Without this rule it could be possible for a claimant to break a heel on a broken pavestone, then sue for damages if she fell the next day, blaming the fall on uncomfortable shoes she would not have been wearing had the original pair not been broken. In answering the question of remoteness the judges followed the established rule of first set out in Hadley v Baxendale (1854), 9 Exch. 341; 23 L.J.Ex. 179. This states that for the negligent party to liable for the loss in question it must be a natural and probable consequence of the negligence, and has been affirmed many times in cases since.

The judges concurred that the answer in this case was no, the damage was not too remote. In his reasoning Lord Morris was clear in his application of the Hadley v Baxendale test saying: "The most natural and reasonable action on the part of someone who finds herself undersignedly confined is to seek the means of escape. Those who are responsible for the unjustifiable detention can hardly, either with good grace or with sound reason, be entitled to be astute in offering criticism of the actions of the unfortunate victim." 

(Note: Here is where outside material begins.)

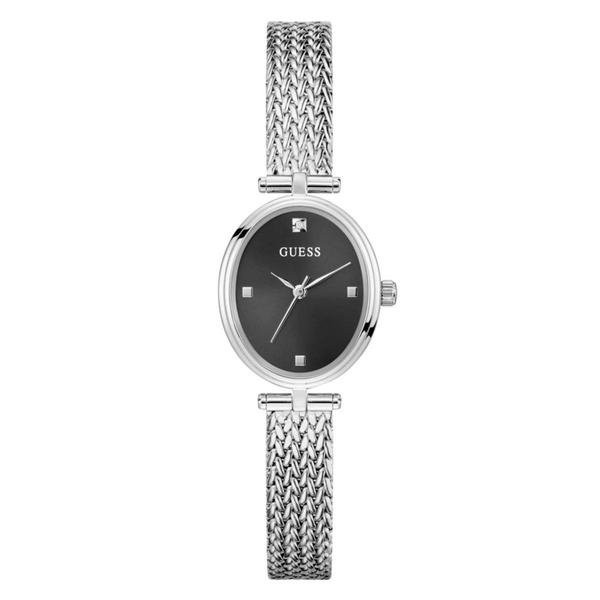 Womens GUESS Ruby Silver-Tone Black Sunray Dial Watch - GW0935L1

He proceed to explain his following of reasoning given by Field J, in Robson v North Eastern Ry. Co4 who said: "if a person by a negligent breach of duty expose the person towards whom the duty is contracted to obvious peril, the act of the latter in endeavouring to escape from the peril, although it may be the immediate cause of the injury, is not the less to be regarded as the wrongful act of the wrongdoer." He continued his reference to that judgement to explain the extension of this reasoning to include grave inconvenience in the subsequent case, Adams v Lancashire and Yorkshire Ry. Co.5

Adams had been cited as an authority for the Sayers case and had been relied on heavily in the original hearing, and by the defence in the appeal, but was distinguished most emphatically, in particular by Lord Evershed. He refuted the claim that in both situations the claimant had suffered a minor inconvenience, saying the inconvenience to the claimant in Sayers was in fact "appreciable, if not substantial". He also stated the current case was distinguished from Adams on the level of danger in which the claimant had put herself, in relation to the inconvenience she was in, describing it as "not unreasonable".